Note: Building closes at 7pm; lobby doors will lock at that time!
• 6-630pm: Foods & bevs
• 630pm-7pm: Query Planning in Impala (Alex Behm)
Alex will present an overview of query compilation in Impala with a focus on query planning. Using example queries and plans, he will explain the most important query-optimization techniques implemented in Impala. Attendees will leave with a reasonable understanding of the importance of query planning, how statistics affect planning outcomes, and how Impala's planning process works.
• 7pm-730pm: Overview of Admission Control in Impala (Matt Jacobs)

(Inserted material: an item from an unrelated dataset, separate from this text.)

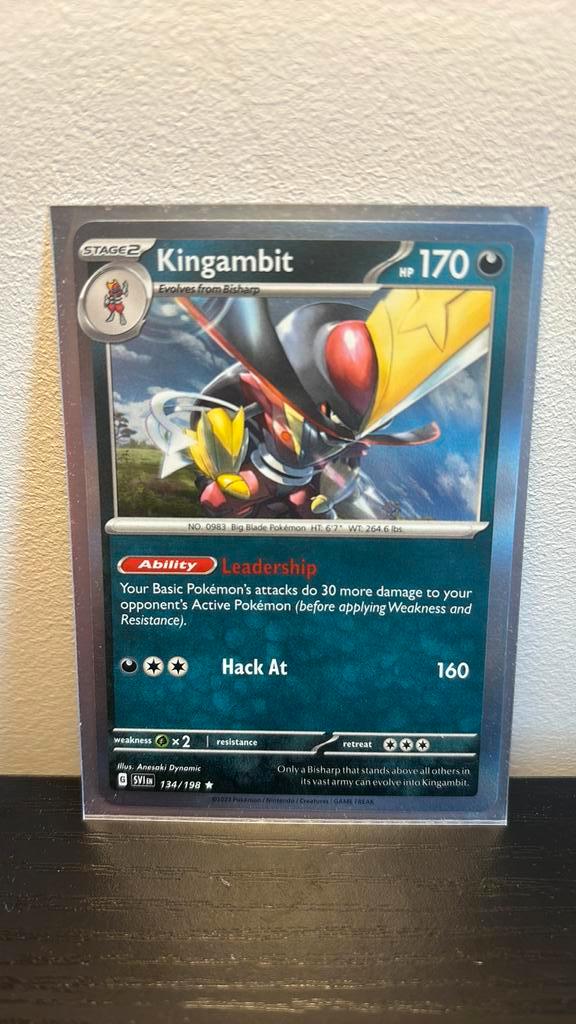 Kingambit 134/198 Scarlet & violet holo pokemon kaart, Hobby en Vrije tijd, Verzamelkaartspellen | Pokémon, Nieuw, Boosterbox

Impala 1.3 introduced a new admission control mechanism to avoid oversubscription of cluster resources in times of heavy load. The admission controller was designed to be fast and resilient to failures, so it is decentralized; each Impala daemon makes local decisions and disseminate load information via the Impala statestore. This talk will describe how the admission controller works and things to consider when tuning the admission controller for your workload.
• 730pm-8pm: Python UDFs in Impala (Uri Laserson)
Impala provides the ability to easily analyze large, distributed data sets. This talk will cover the impyla package, which aims to make data science easier with Impala by integrating with Python. The impyla package currently supports programmatically interacting with Impala, running distributed machine learning in Impala, and compiling Python UDFs into assembly instructions via LLVM.